La villa Carmignac, tout entière avec le jardin, devient un labyrinthe structuré par une scénographie qui en accentue le concept, avec ses impasses, ses détours, ses surprises. Le long retour d'Ulysse n'est-il pas un voyage labyrinthique dessiné sur la mer ? Symbole universel, magique, tout à la fois spirituel et ludique - du labyrinthe du Minotaure à celui de la cathédrale de Chartres ou à celui, « végétal », de Franco Maria Ricci à Parme -, le labyrinthe invite à un vertige des sens et de l'esprit. Le visiteur, tel un Ulysse contemporain dérivant dans cet espace, est constamment placé face à des choix. Prendre ce chemin plutôt qu'un autre, tourner à droite plutôt qu'à gauche, voir une œuvre et pas une autre. Allégorie des choix que chacun fait dans l'existence, « Le Songe d'Ulysse » entend ainsi évoquer, sans l'illustrer, l'expérience de ce voyage homérique. Le visiteur désorienté, circulant dans cet enchevêtrement d'espaces où sont présentées les œuvres, devrait être conduit de rencontre en rencontre : chaque œuvre devient alors un personnage. Personnages féminins fantasmés, monstres et leur potentiel d'épouvante, héros, êtres fabuleux, animaux - le visiteur est placé face à la variété des formes imaginaires du visage, y compris lorsqu'il est défiguré. De sensation en fabulation, de l'étonnement à l'émerveillement, ce labyrinthe souterrain, qui se poursuit au premier étage et dans le jardin, représente en soi une initiation esthétique. Ne faut-il pas pour accéder à l'art et à son enchantement que chacun puisse faire son chemin, au risque de l'égarement ? C'est aussi le sens de cette exposition : l'image de l'expérience que chacun fait de l'art. Les choix, entre libre arbitre et déterminisme, esquissent pour chaque visiteur une exposition unique, conditionnée par les prises de décisions et les renoncements. À travers son chemin, le visiteur met à l'épreuve l'art dans sa vocation à éclairer nos existences et à nous orienter, voire à nous désorienter, dans ce dédale. Des peintures, des installations, des sculptures, des photographies, des tapisseries aussi... qu'est-ce qui nous touche en elles ? Sommes-nous sensibles à leur appel ? Restons-nous contemplatifs, effrayés ou agacés à leur vue ? Ou sortons-nous grandis de leur rencontre ?
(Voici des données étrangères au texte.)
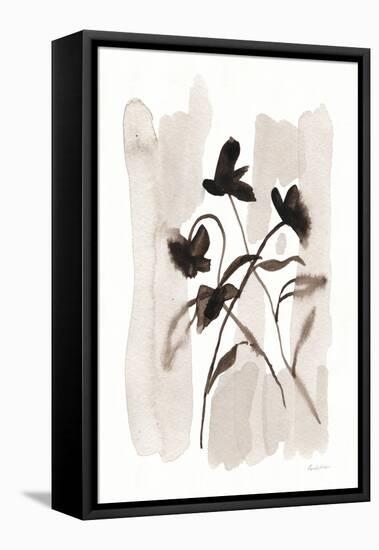 Flower Impression I-Pamela Munger-Framed Stretched Canvas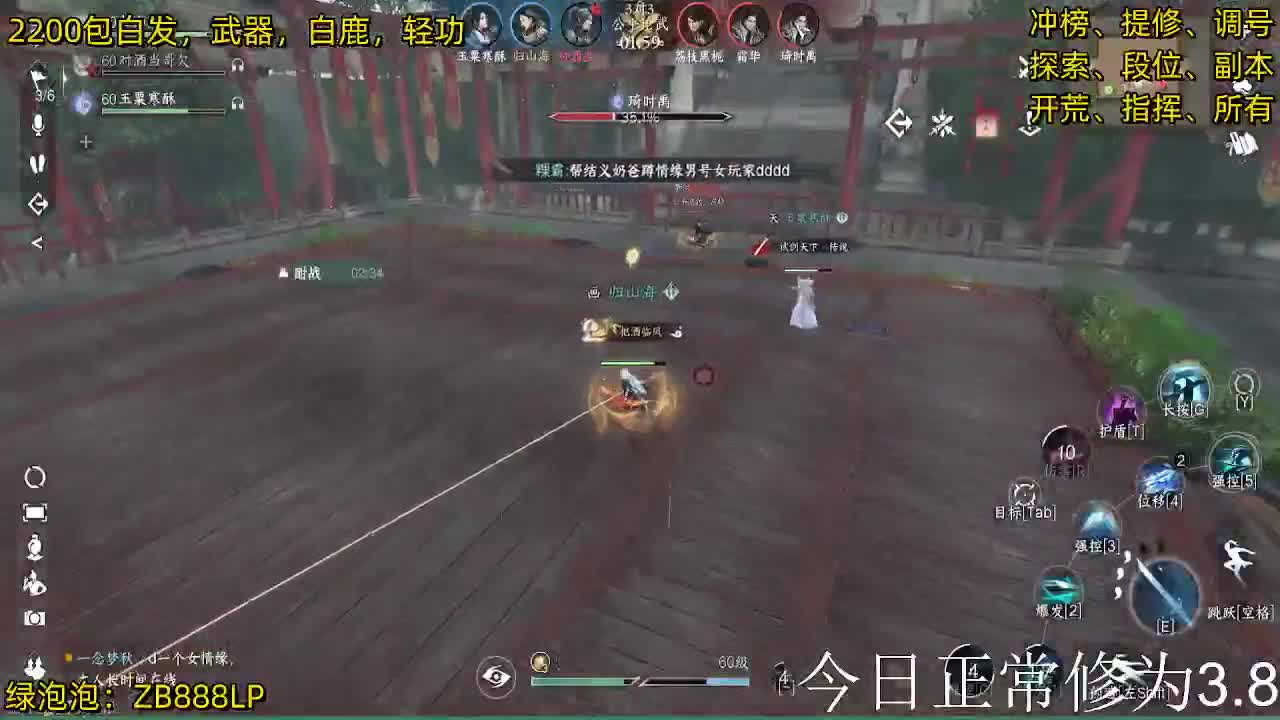 内测十大高手在榜，第一九灵 第15段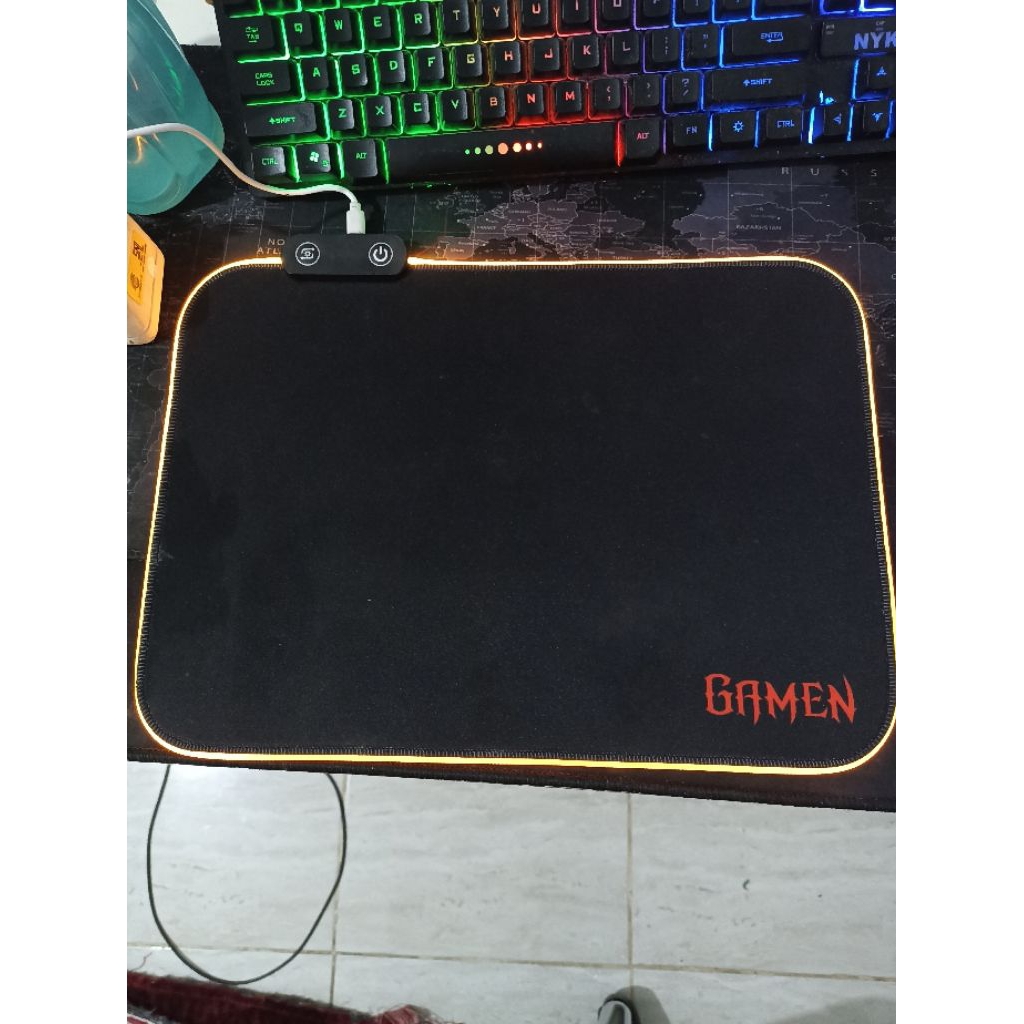 GAMEN Mouse pad RGB Second/Mousepad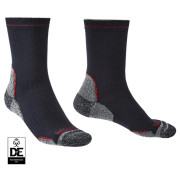 Calcetines de hombre Bridgedale Hike LW T2 CP Boot negro/rojo navy/red/042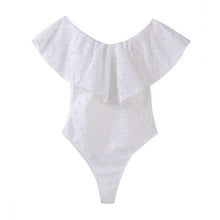 Load image into Gallery viewer, Flounce Bodysuit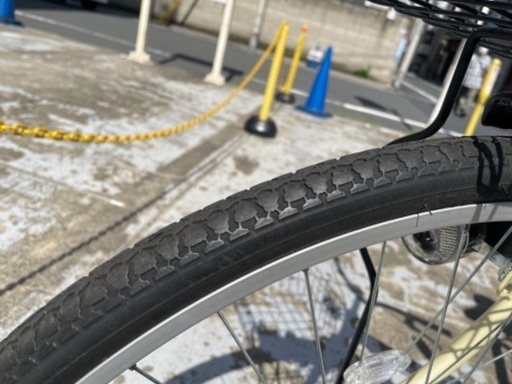 ほぼ新品！26型ギアなし自転車 | aprendamosingles.com.py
La Fondation Carmignac, créée en 2000 à l'initiative d'Édouard Carmignac, est une fondation d'entreprise qui s'articule autour de deux axes principaux : une collection d'art contemporain, qui comprend actuellement plus de 300 œuvres, et le prix du photojournalisme, soutenant annuellement un reportage d'investigation qui fait l'objet d'une exposition et d'un catalogue. Depuis juin 2018, en partenariat avec la Fondation, la Villa Carmignac, un lieu d'exposition accessible au public, a été créée sur l'île de Porquerolles afin de proposer des expositions temporaires, un jardin habité par des œuvres spécialement créées pour le lieu, ainsi qu'une programmation culturelle et artistique.